Three people were shot dead and 10 others wounded when police clashed with supporters of a mayoral candidate in the southern province of Zamboanga Sibugay before dawn, local military spokesman Captain Arnold Gasalatan said.
Police raided the compound of the candidate, whose bodyguards and supporters suffered all the casualties, Gasalatan said.
The cause of the clash was unclear but the police were ordered back to their stations, he said, adding the military had secured the area pending an investigation.
In another incident in the south, a cousin of the vice governor in North Cotabato province was gunned down while riding on a motorcycle before polls opened, regional police said in a statement.
He and another man on the motorbike were ambushed in Kidapawan town, according to the statement. The other man was wounded, but his injuries were not life threatening.
Police said they suspected the gunmen were supporters of a rival candidate.
About 40 million Filipinos were expected to go to the polls on Monday to elect more than 17,000 positions, from the president down to town councilor.

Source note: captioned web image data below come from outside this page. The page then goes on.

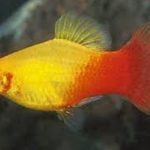 پلاتی غروب آفتاب (Sunset Platy)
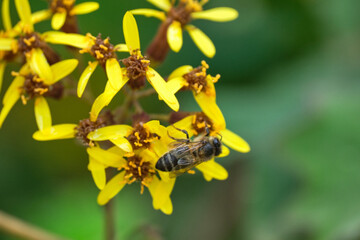 bee on yellow flower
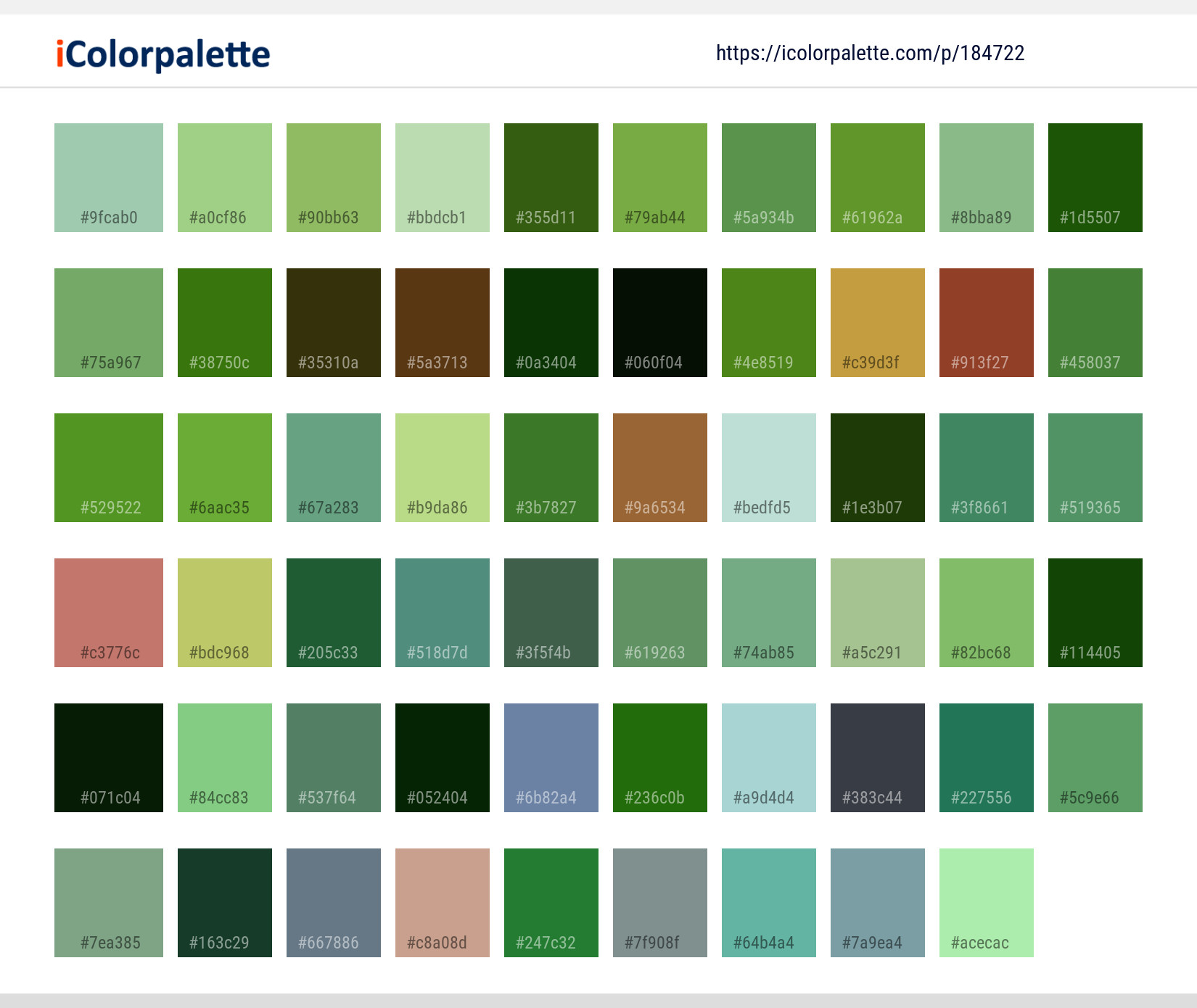 Color Palette Ideas from Water Plant Flora Image | iColorpalette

Violence always plagues elections in the Philippines, with local politicians often using gunmen to eliminate rivals’ challenges or intimidate voters.
Monday’s killings brings to at least 33 the number of people killed in political violence over the past four months, according to police statistics.
This does not include 57 people massacred in the southern Maguindanao province in November last year, allegedly by a powerful Muslim clan to stop a rival from running for provincial governor.